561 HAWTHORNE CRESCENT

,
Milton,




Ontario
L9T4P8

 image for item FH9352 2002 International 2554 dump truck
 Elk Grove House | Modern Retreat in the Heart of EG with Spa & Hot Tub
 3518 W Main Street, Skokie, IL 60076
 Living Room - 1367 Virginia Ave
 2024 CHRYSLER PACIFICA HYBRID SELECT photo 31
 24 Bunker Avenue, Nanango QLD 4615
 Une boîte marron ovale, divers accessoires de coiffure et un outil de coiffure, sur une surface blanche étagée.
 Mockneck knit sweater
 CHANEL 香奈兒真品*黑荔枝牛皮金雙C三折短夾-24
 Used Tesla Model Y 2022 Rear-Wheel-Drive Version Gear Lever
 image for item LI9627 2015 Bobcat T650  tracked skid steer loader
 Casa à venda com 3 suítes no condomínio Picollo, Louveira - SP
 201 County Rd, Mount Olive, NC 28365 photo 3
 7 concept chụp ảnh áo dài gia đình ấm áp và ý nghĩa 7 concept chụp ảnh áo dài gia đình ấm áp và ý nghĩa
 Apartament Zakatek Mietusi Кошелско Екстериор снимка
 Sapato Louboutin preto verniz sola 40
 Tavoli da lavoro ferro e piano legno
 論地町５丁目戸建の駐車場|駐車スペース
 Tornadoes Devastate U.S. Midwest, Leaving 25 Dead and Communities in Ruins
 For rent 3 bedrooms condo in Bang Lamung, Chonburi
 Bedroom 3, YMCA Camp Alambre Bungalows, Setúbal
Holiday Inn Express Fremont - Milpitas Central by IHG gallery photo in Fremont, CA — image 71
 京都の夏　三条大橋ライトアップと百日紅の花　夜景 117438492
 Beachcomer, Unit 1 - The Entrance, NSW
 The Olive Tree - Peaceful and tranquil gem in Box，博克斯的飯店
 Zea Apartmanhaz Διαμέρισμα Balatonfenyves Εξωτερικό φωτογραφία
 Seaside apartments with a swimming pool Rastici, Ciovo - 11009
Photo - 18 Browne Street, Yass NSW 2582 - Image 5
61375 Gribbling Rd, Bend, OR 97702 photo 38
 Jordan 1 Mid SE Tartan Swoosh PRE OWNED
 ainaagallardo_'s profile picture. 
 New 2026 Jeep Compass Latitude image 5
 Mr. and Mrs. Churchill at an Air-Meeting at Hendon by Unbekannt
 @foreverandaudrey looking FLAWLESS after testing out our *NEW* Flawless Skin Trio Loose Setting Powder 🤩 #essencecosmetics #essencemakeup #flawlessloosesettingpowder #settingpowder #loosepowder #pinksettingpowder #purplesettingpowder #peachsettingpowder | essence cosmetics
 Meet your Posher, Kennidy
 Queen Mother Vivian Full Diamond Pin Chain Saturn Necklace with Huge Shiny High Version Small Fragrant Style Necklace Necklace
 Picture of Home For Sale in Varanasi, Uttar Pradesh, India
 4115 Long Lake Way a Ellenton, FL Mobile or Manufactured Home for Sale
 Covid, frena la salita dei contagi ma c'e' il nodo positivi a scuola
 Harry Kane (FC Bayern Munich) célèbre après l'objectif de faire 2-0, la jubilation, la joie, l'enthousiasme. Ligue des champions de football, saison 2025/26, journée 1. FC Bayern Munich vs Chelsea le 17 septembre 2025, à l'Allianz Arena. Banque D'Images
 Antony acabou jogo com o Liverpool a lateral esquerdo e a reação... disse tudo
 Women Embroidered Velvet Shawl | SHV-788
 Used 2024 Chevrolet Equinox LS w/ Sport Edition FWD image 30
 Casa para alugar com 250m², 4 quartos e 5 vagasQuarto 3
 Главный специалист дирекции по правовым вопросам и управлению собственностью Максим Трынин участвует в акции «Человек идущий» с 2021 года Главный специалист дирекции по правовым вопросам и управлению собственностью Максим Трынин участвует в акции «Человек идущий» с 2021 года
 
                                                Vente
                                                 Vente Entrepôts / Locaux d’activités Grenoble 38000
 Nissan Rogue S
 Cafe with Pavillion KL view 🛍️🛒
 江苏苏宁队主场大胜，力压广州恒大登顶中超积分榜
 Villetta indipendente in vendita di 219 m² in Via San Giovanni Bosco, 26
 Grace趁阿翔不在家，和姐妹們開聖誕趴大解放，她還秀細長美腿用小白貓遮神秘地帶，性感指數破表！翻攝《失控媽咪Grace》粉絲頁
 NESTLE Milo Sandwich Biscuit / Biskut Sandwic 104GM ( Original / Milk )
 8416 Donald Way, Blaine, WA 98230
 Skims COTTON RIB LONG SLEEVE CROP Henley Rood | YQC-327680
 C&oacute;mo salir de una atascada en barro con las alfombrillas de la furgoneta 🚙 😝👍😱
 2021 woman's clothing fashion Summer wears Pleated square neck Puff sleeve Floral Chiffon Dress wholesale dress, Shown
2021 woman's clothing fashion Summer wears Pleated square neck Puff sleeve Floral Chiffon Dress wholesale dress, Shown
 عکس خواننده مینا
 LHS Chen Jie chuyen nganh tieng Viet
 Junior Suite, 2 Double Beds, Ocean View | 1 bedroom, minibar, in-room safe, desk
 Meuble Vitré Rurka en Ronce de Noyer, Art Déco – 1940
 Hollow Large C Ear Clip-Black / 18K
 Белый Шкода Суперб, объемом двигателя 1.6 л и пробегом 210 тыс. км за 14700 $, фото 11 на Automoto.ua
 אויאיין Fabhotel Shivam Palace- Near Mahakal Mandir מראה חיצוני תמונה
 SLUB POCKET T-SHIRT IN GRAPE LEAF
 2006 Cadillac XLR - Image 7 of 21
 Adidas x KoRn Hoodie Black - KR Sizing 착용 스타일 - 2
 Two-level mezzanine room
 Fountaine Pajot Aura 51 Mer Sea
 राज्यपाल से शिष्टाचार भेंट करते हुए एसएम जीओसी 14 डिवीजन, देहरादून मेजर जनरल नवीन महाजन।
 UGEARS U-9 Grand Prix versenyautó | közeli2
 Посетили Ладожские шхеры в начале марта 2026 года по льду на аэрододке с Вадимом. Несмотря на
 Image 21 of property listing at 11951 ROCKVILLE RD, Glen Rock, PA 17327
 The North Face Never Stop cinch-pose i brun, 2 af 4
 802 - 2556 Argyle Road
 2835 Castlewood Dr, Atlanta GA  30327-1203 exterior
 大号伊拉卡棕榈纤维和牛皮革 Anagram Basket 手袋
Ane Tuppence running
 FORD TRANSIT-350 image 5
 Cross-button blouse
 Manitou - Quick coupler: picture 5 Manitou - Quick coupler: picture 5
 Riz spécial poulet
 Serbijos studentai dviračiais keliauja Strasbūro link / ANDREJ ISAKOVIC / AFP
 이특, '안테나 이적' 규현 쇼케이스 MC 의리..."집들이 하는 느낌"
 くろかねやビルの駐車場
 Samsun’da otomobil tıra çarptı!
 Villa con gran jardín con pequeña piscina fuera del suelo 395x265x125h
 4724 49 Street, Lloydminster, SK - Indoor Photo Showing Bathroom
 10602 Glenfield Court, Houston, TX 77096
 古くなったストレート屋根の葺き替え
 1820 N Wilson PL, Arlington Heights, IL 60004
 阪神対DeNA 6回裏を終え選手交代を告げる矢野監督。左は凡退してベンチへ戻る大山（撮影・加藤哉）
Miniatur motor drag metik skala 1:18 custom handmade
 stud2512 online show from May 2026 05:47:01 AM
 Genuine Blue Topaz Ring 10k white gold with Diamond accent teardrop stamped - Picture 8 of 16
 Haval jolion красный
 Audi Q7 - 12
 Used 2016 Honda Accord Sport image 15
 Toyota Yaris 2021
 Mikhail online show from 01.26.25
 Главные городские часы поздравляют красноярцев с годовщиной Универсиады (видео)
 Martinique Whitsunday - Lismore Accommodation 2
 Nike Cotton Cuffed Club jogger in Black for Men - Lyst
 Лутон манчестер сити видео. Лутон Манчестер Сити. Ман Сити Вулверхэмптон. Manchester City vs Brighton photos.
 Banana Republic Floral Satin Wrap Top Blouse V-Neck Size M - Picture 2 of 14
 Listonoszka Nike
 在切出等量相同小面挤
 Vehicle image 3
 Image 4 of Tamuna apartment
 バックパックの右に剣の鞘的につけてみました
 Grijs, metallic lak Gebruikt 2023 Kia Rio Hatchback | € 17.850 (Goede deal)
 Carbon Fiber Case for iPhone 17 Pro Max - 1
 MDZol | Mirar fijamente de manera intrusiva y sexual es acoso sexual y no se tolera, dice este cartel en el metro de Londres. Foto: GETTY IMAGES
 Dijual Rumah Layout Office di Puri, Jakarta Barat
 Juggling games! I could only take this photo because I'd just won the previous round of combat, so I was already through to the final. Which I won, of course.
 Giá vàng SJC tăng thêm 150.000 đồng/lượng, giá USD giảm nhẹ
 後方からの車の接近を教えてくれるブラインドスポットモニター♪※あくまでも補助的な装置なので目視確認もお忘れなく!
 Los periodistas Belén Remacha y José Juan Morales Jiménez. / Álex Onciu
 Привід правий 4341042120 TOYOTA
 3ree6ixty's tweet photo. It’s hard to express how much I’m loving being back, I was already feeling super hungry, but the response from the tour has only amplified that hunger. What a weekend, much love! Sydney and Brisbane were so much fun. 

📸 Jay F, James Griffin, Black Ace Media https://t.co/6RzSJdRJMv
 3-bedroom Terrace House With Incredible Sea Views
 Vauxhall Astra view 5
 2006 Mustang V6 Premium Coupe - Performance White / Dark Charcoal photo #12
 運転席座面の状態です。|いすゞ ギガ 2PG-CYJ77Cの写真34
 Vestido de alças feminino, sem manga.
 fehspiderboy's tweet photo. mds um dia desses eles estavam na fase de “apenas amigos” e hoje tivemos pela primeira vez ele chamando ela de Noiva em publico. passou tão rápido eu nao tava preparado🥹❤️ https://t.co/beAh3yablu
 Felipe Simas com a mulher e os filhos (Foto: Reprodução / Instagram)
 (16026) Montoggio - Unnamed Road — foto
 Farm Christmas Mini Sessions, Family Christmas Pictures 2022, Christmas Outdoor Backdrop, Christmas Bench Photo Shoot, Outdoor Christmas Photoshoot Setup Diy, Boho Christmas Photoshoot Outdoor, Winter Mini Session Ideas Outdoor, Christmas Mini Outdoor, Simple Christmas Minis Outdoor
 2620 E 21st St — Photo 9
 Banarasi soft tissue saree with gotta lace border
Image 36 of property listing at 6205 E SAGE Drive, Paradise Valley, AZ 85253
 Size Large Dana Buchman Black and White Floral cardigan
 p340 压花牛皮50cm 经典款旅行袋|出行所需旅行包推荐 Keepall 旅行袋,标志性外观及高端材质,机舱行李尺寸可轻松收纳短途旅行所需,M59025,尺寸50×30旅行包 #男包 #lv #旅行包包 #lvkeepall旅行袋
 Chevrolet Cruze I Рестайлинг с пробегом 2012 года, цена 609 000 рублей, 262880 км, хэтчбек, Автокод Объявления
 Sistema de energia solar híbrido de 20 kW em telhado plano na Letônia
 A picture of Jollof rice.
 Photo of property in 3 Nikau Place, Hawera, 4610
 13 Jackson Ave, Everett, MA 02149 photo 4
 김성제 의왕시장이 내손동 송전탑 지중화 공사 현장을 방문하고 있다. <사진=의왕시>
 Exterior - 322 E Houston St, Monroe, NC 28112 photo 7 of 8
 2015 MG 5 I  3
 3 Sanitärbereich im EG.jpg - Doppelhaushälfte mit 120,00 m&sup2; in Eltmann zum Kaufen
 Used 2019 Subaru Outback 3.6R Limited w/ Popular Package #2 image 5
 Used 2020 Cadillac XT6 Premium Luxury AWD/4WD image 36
+ + + + +
= TASK GOAL =
Word for word, restate the lines of the listing above starting at the line with "Audi Q7 - 12" and ending at the line with "Carbon Fiber Case for iPhone 17 Pro Max - 1", and nothing outside them.

= COMPLETED EXERCISE =
 Audi Q7 - 12
 Used 2016 Honda Accord Sport image 15
 Toyota Yaris 2021
 Mikhail online show from 01.26.25
 Главные городские часы поздравляют красноярцев с годовщиной Универсиады (видео)
 Martinique Whitsunday - Lismore Accommodation 2
 Nike Cotton Cuffed Club jogger in Black for Men - Lyst
 Лутон манчестер сити видео. Лутон Манчестер Сити. Ман Сити Вулверхэмптон. Manchester City vs Brighton photos.
 Banana Republic Floral Satin Wrap Top Blouse V-Neck Size M - Picture 2 of 14
 Listonoszka Nike
 在切出等量相同小面挤
 Vehicle image 3
 Image 4 of Tamuna apartment
 バックパックの右に剣の鞘的につけてみました
 Grijs, metallic lak Gebruikt 2023 Kia Rio Hatchback | € 17.850 (Goede deal)
 Carbon Fiber Case for iPhone 17 Pro Max - 1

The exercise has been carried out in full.